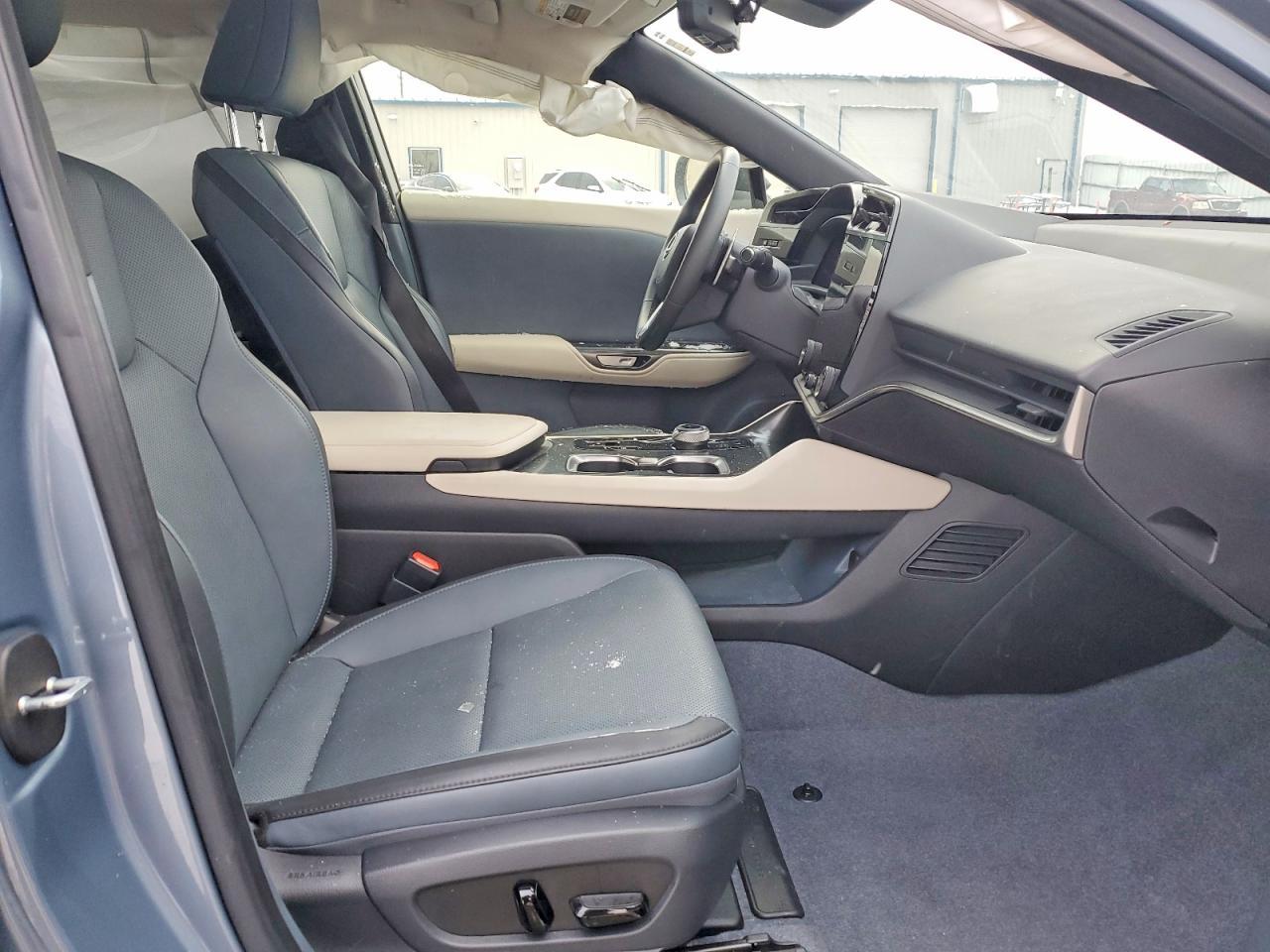 2023 Lexus Rz 450E - Фото 7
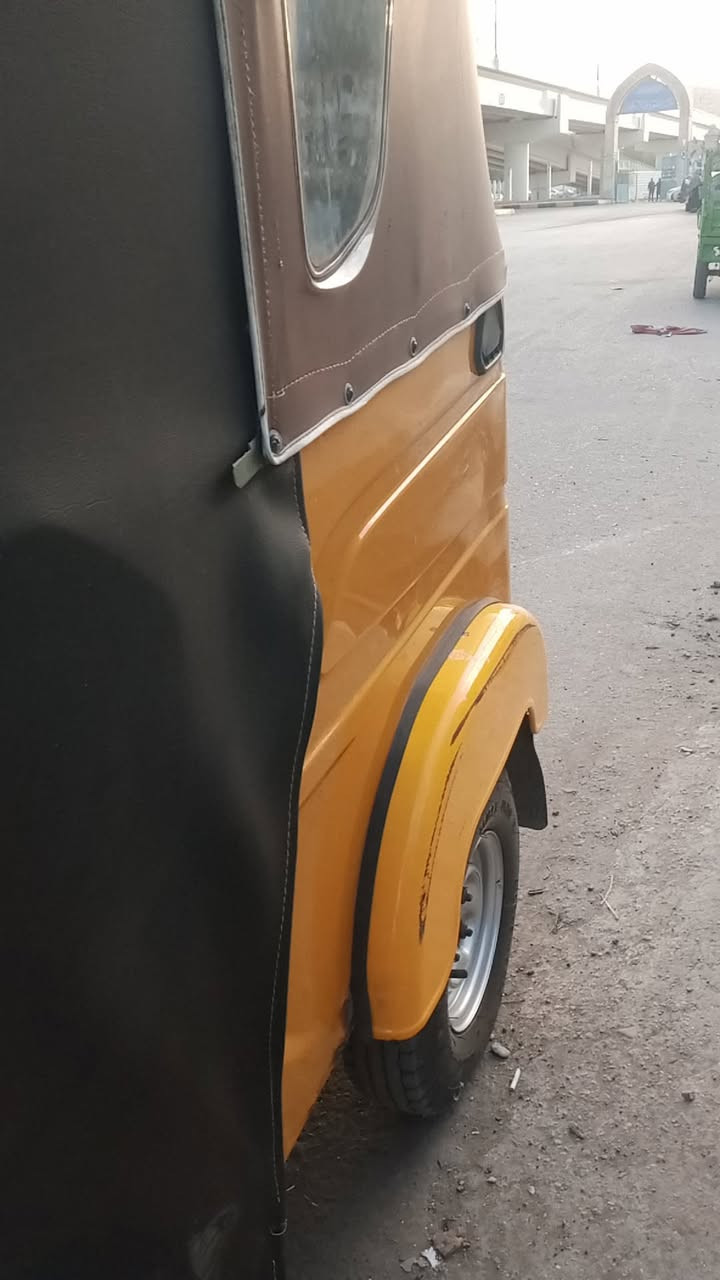 ,سلام وعليكم تكتك لبيع مديل 21 رقم وسنويه تخم تاير جديد كهربايات شغاله ضفيره جديدة تكتك فقط لغد بي صبغ ومعجون لباقي مكفول سعر 7250 وبيه مجال ***********
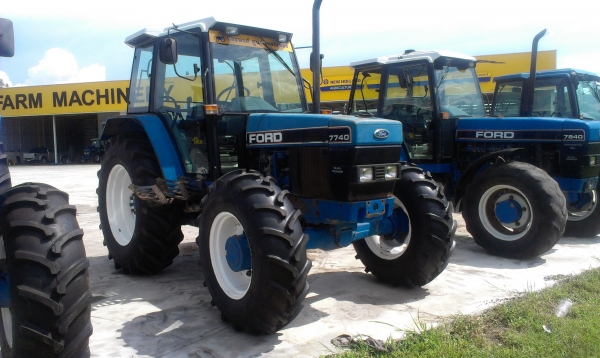 รถไถฟอร์ด 7740 คันที่ 3 ยางใหม่ 4 เส้น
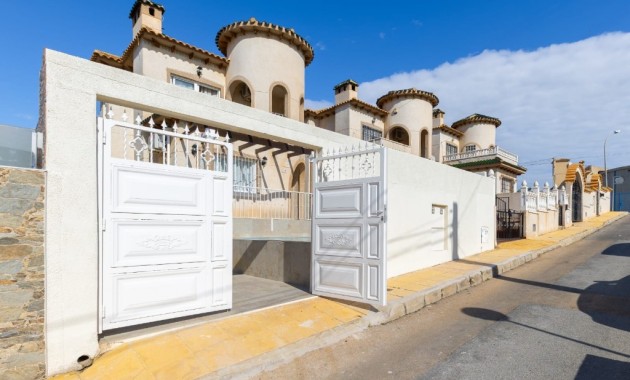 Sale - Villa -
Orihuela Costa - Villamartín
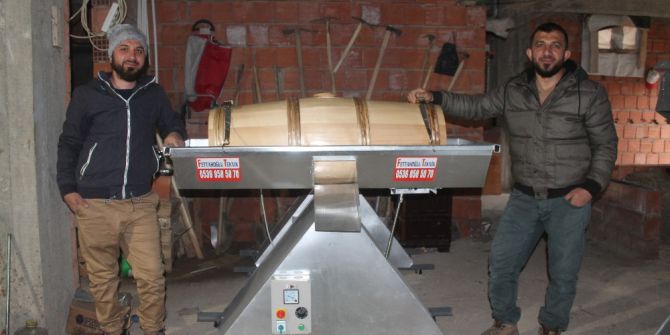 Amcası Eziyet Çekmesin Diye Makine Ürettiler, Şimdi Seri Üretime Geçtiler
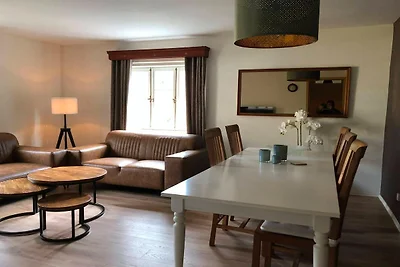Charming Apartment with Mountain Views in Nor...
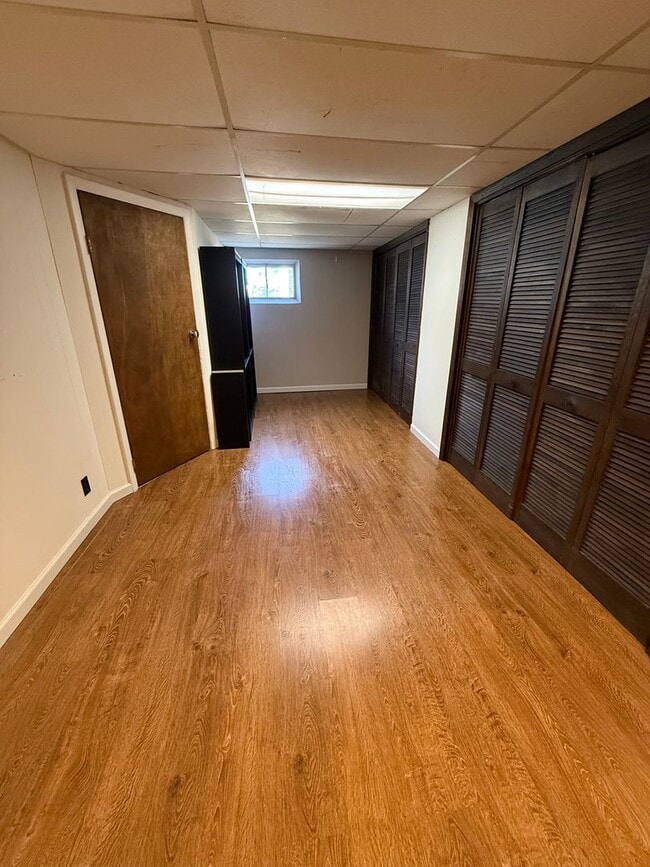Building Photo - 11015 Golf Crest Dr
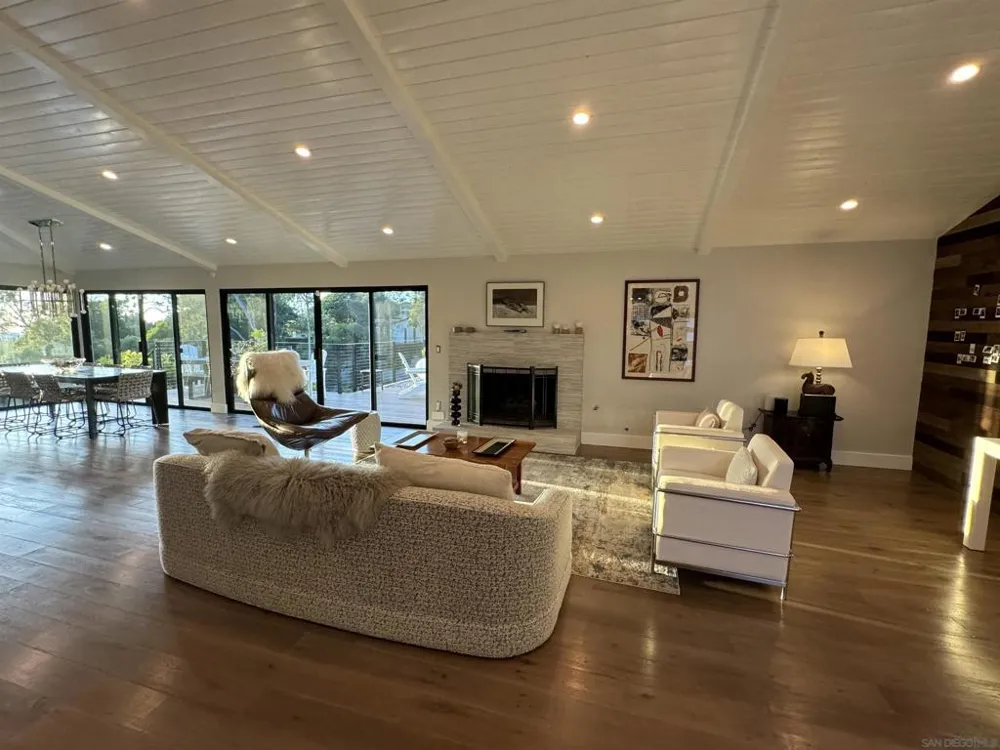1402 Rodeo Drive La Jolla, CA 92037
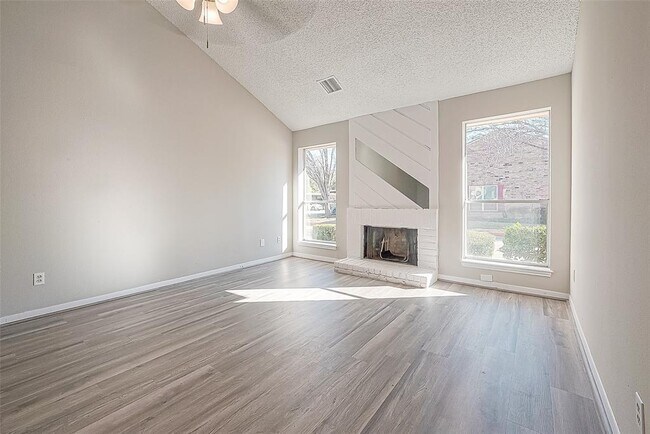 Building Photo - 9393 Westwood Village Dr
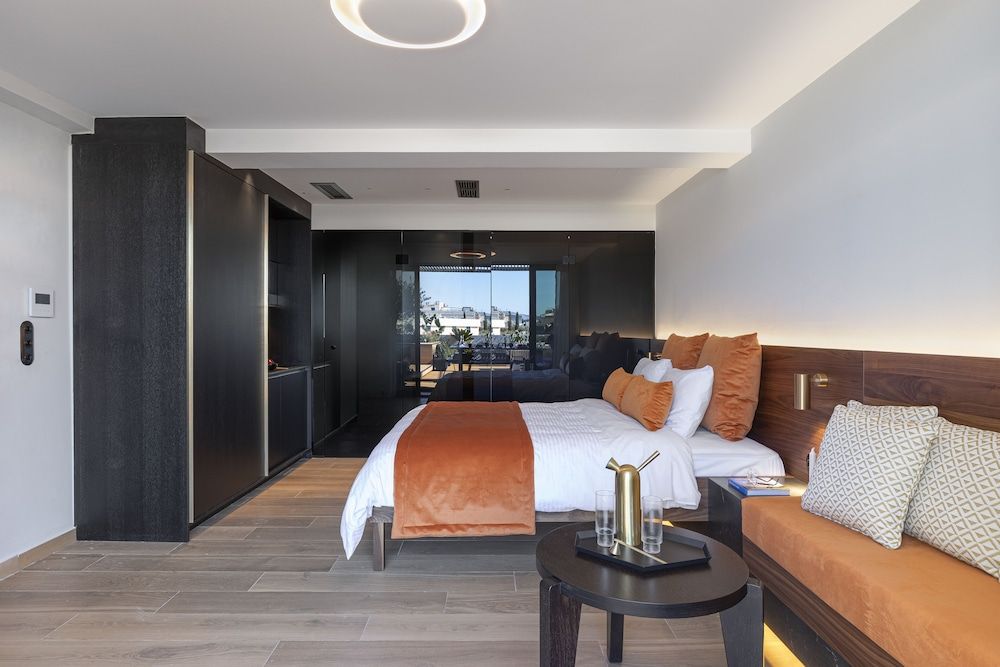 undefined The Newel Acropolis 10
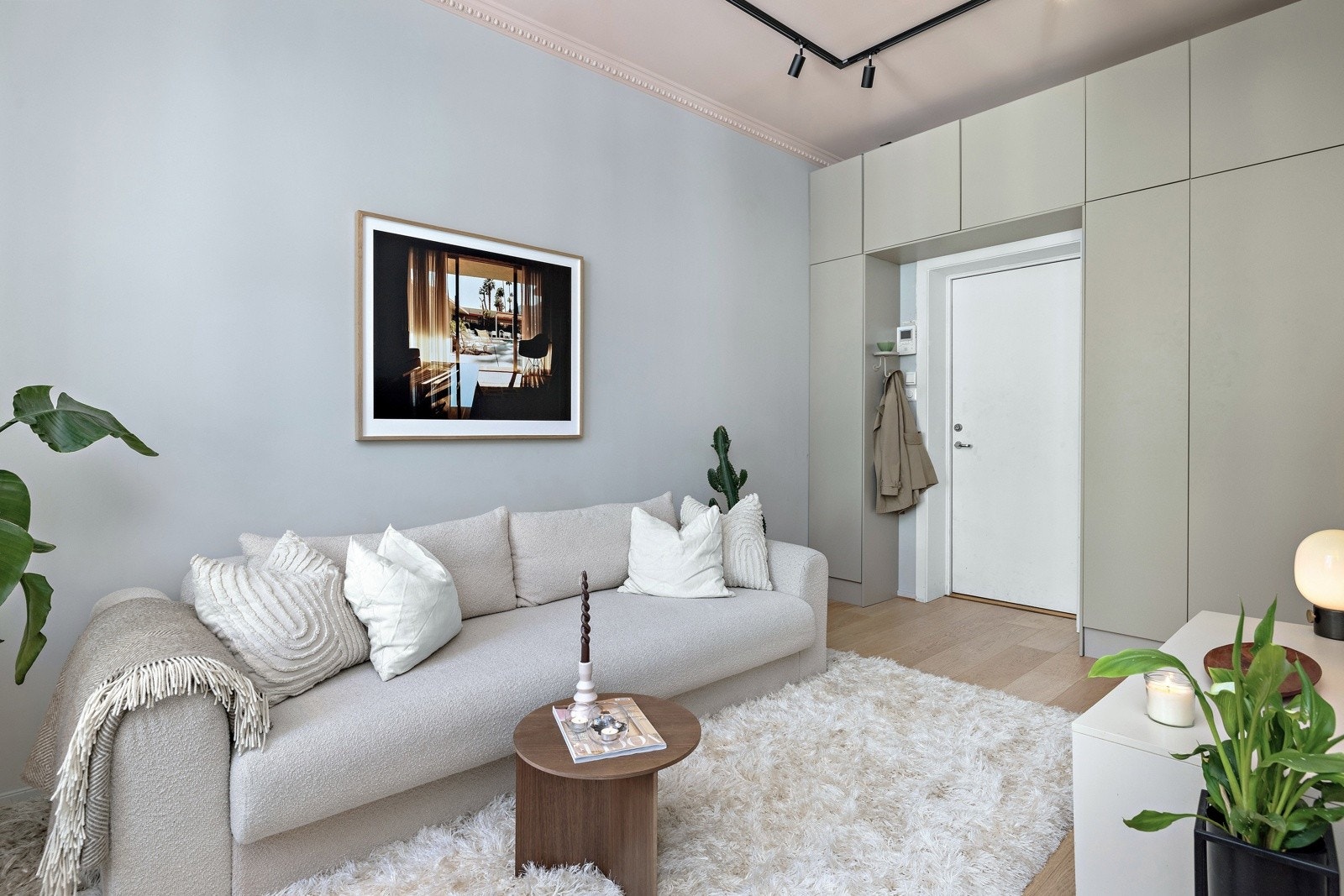 Velkommen inn! En plassbygd garderobe rundt entreen sørger for gode oppbevaringsmuligheter. Galleribilde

# # # # #

§ **Task details**:
Nothing but the lines from the one with "وبيه مجال ***********" through the end of the entries above, both included, should be set down, exactly and without pictures.

§ **Exercise output**:
 ,سلام وعليكم تكتك لبيع مديل 21 رقم وسنويه تخم تاير جديد كهربايات شغاله ضفيره جديدة تكتك فقط لغد بي صبغ ومعجون لباقي مكفول سعر 7250 وبيه مجال ***********
 รถไถฟอร์ด 7740 คันที่ 3 ยางใหม่ 4 เส้น
 Sale - Villa -
Orihuela Costa - Villamartín
 Amcası Eziyet Çekmesin Diye Makine Ürettiler, Şimdi Seri Üretime Geçtiler
Charming Apartment with Mountain Views in Nor...
Building Photo - 11015 Golf Crest Dr
1402 Rodeo Drive La Jolla, CA 92037
 Building Photo - 9393 Westwood Village Dr
 undefined The Newel Acropolis 10
 Velkommen inn! En plassbygd garderobe rundt entreen sørger for gode oppbevaringsmuligheter. Galleribilde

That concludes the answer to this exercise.